___ The data ___

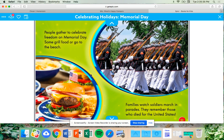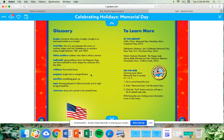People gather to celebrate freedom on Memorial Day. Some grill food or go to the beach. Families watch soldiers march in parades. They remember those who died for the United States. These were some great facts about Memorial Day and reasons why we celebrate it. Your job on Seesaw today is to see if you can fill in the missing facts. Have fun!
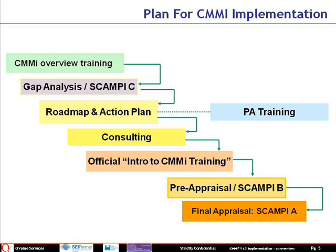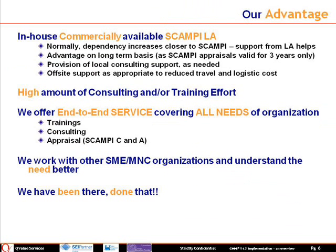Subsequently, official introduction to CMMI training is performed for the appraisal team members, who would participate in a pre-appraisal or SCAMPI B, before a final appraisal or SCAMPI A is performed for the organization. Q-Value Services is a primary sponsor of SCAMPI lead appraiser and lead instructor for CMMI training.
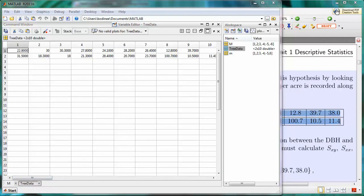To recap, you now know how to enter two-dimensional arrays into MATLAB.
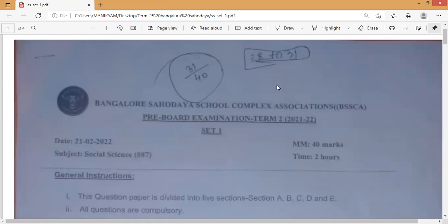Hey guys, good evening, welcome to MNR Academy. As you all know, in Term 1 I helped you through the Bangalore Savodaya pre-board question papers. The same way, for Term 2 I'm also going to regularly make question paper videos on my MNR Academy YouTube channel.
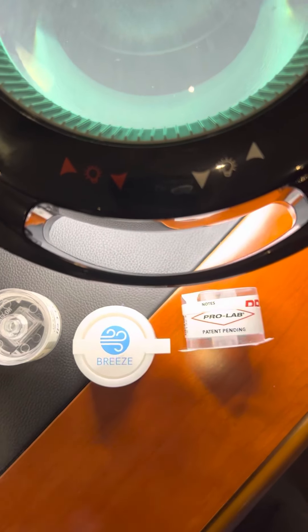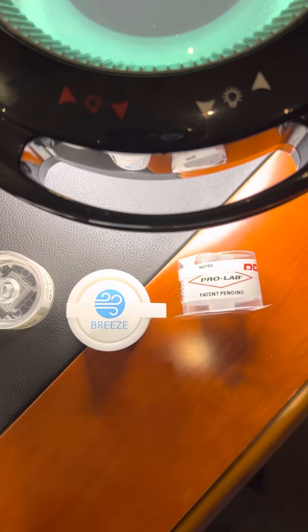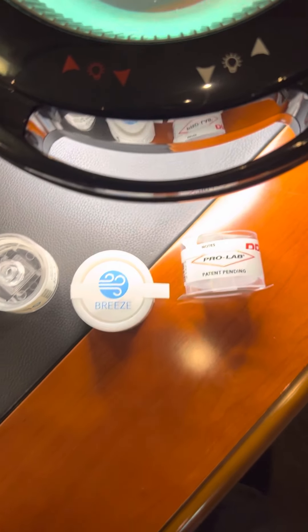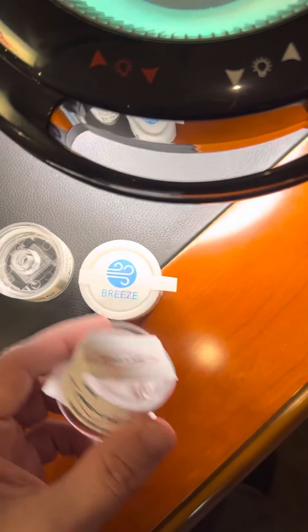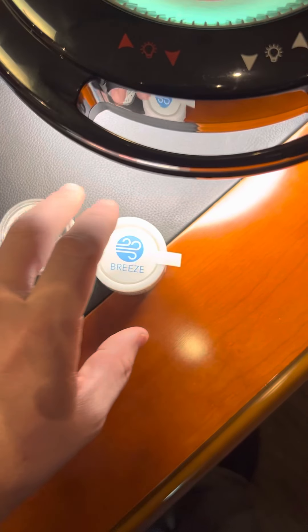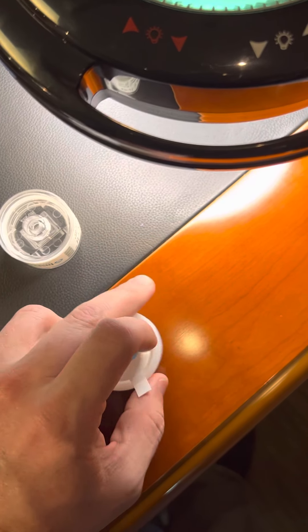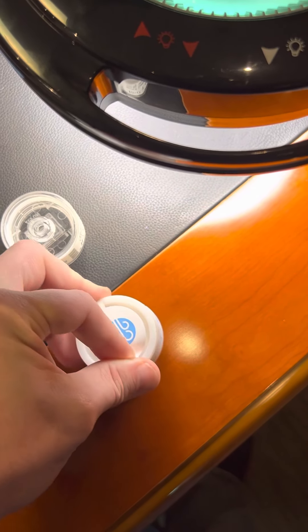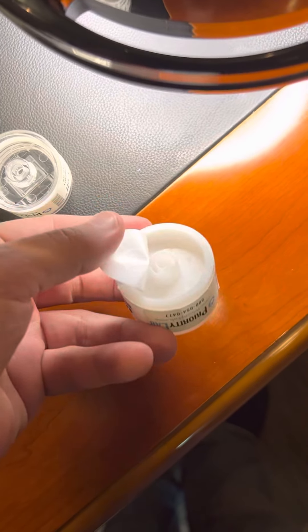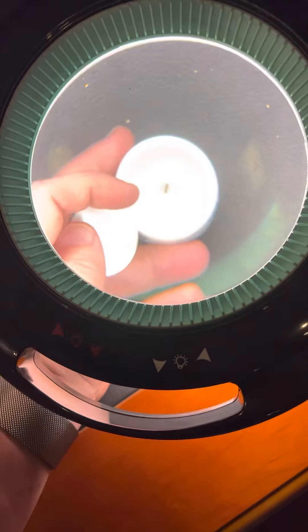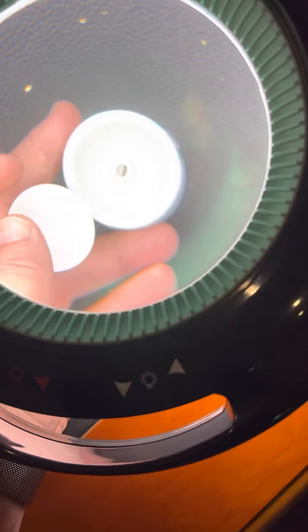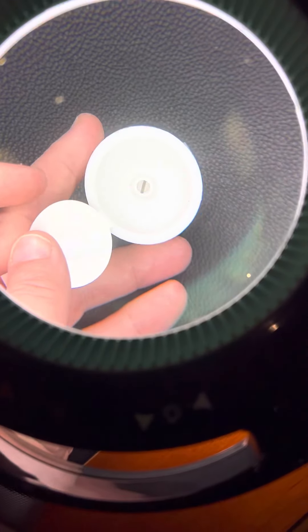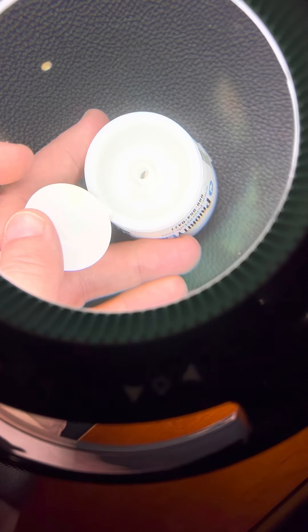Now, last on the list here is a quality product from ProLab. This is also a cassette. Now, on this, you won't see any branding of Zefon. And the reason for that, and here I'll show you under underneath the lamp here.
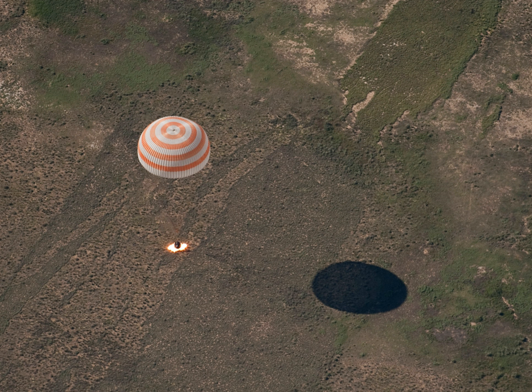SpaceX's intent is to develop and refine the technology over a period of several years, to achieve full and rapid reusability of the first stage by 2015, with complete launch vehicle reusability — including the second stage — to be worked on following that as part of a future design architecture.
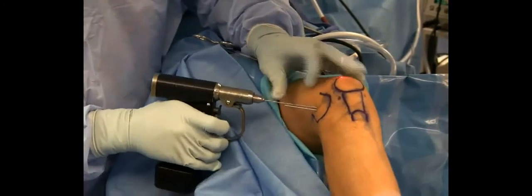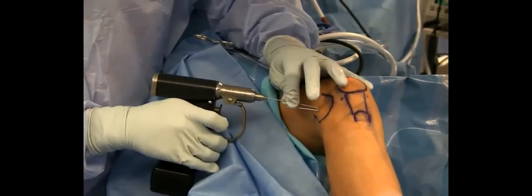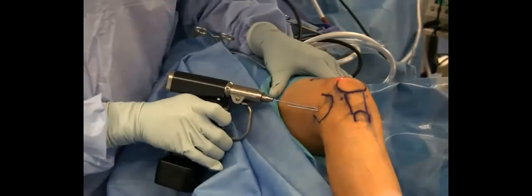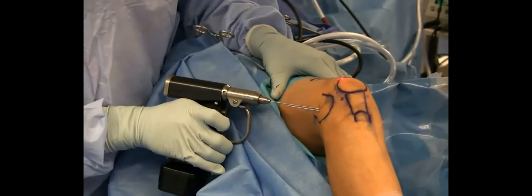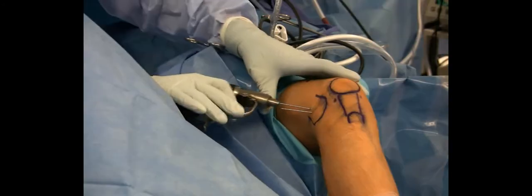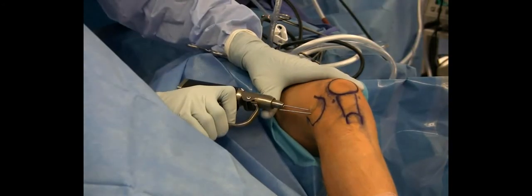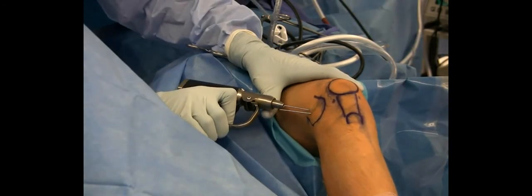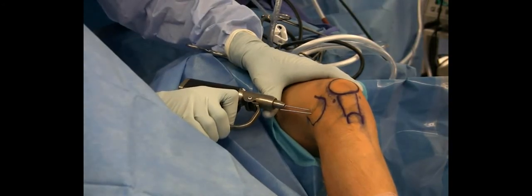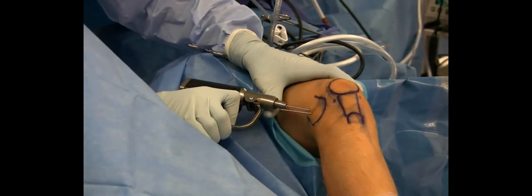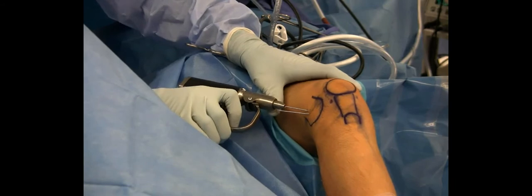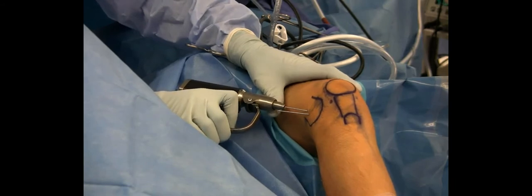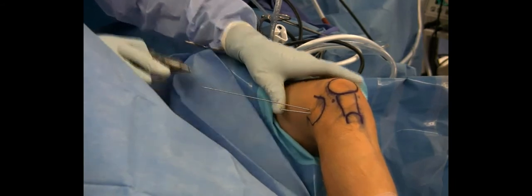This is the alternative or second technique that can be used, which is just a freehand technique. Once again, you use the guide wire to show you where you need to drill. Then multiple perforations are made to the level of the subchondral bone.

___
___ The data ___

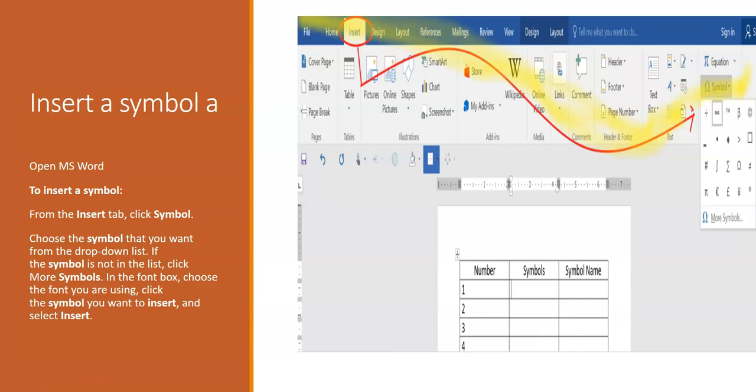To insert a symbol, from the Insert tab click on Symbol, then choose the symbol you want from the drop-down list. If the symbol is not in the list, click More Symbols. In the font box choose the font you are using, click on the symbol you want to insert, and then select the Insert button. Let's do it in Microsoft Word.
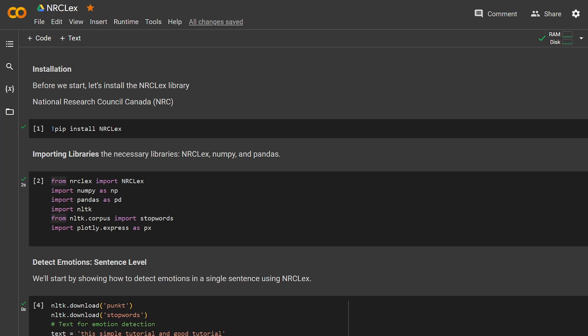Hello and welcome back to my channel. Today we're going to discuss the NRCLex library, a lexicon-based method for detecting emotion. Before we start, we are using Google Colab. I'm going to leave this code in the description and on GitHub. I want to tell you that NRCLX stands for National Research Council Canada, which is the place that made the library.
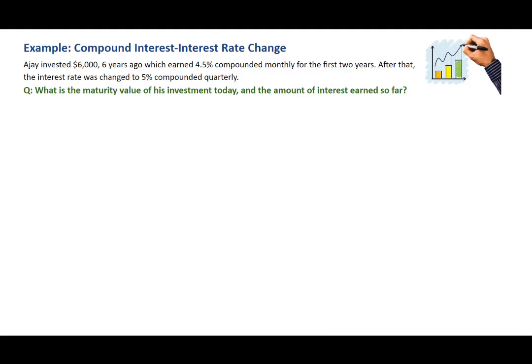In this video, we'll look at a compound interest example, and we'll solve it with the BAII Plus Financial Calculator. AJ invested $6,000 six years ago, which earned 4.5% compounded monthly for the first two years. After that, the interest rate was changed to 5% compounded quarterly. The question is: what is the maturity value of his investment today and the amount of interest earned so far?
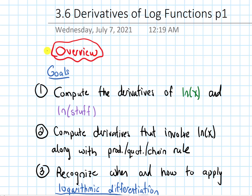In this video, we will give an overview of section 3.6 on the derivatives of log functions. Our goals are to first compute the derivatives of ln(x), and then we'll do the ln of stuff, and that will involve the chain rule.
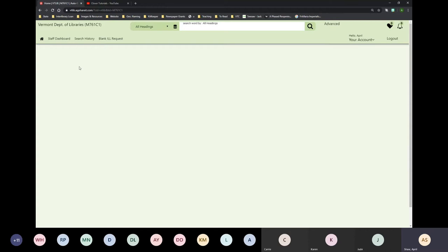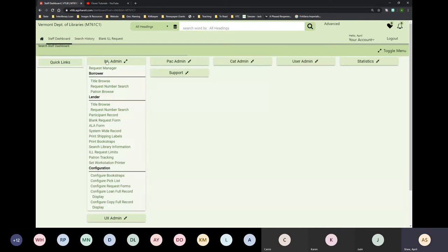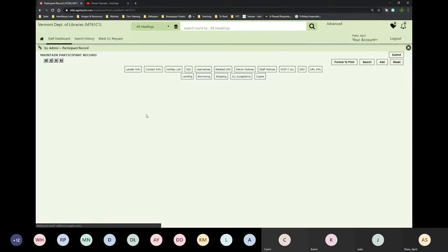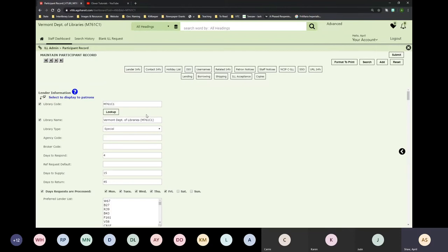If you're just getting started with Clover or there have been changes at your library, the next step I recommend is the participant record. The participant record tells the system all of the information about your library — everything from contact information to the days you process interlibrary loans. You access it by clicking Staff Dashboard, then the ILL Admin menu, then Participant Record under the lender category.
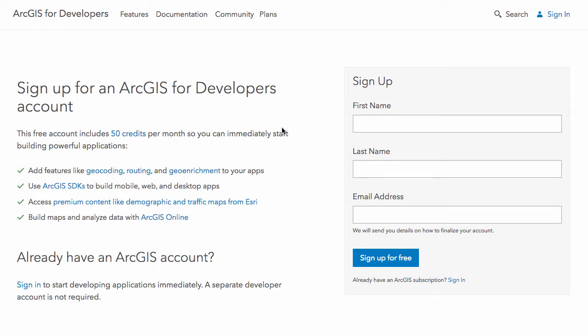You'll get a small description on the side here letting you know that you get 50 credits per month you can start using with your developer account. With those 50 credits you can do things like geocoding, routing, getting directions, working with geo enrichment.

___

> _Activity_
Repeat, without pictures, exactly the lines of the data above from the one containing "In this video, we'll" through the one containing "You'll get a", including both and adding nothing.

> _Exercise result_
In this video, we'll look at a compound interest example, and we'll solve it with the BAII Plus Financial Calculator. AJ invested $6,000 six years ago, which earned 4.5% compounded monthly for the first two years. After that, the interest rate was changed to 5% compounded quarterly. The question is: what is the maturity value of his investment today and the amount of interest earned so far?
In this video, we will give an overview of section 3.6 on the derivatives of log functions. Our goals are to first compute the derivatives of ln(x), and then we'll do the ln of stuff, and that will involve the chain rule.
If you're just getting started with Clover or there have been changes at your library, the next step I recommend is the participant record. The participant record tells the system all of the information about your library — everything from contact information to the days you process interlibrary loans. You access it by clicking Staff Dashboard, then the ILL Admin menu, then Participant Record under the lender category.
You'll get a small description on the side here letting you know that you get 50 credits per month you can start using with your developer account. With those 50 credits you can do things like geocoding, routing, getting directions, working with geo enrichment.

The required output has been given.